Annulment Funding Company Ltd v Cowey and Cowlam [2010] EWCA Civ 711.
We here at NL often joke that, if any of us were appointed to judicial office then we doubt that anyone would ever get possession orders from us; not only are we able to demonstrate a degree of pedantry that would flummox most claimants* but, frankly, we are (sometimes) attracted to result-focused reasoning.** It is the latter point that – whilst never expressed – I get the distinct impression was what was happening in Annulment Funding Company Ltd v Cowey and Cowlam [2010] EWCA Civ 711. It’s a morally pleasing case and an example of a factual situation that – annecdoally – is becoming quite common.
Mr Cowey and Ms Cowlam were long-standing cohabitees and the joint owners of a property. There was a first charge (presumably the mortgage that they used to purchase the property) in favour of Cheltenham & Gloucester Plc and c.£430,000 of equity. Mr Cowey was made bankrupt in the sum of c.£100,000 (c.£120,000 after costs, expenses etc) by the Inland Revenue and his share of the property vested in his trustee in bankruptcy.
The appellant company specialised in providing finance to people who – if they weren’t bankrupt – would hold valuable interests in land.

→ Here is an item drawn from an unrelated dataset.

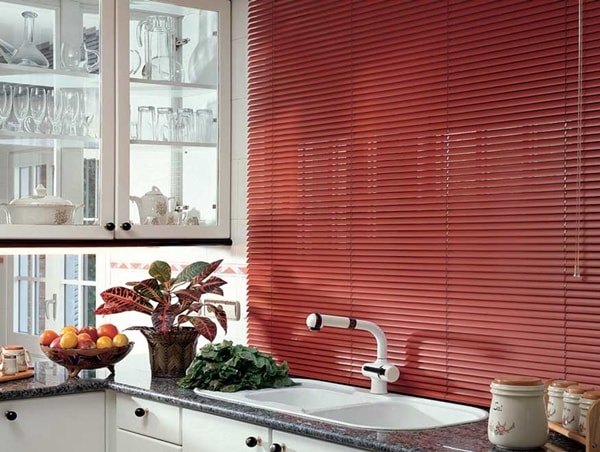 Cortina veneciana en la cocina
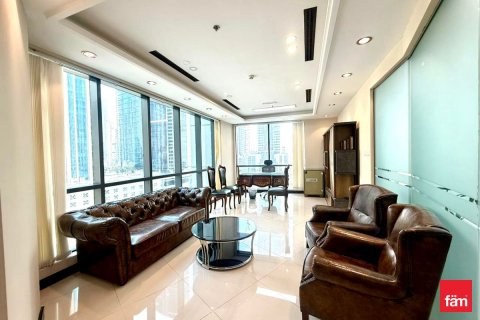 Снять в аренду офис в Бизнес-Бэе, Дубай: 148.9м², № 64063 - фото 3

The idea is that the money is lent to clear the bankruptcy and then repaid by a re-mortgage of the property. It looks like that this “bridging loan” is secured on the property in the meantime, to be paid off by way of a complete re-mortgage of the property.
In the present case, that didn’t happen. The loan from the appellant remained as a charge on the property (accruing interest at 1.5% per month, albeit that no interest was charged for the first three months) and possession proceedings were issued. Ms Cowlam defended the possession proceedings on the basis that her consent to the charge had been procured by undue influence by Mr Cowey and the company was fixed with notice of that undue influence.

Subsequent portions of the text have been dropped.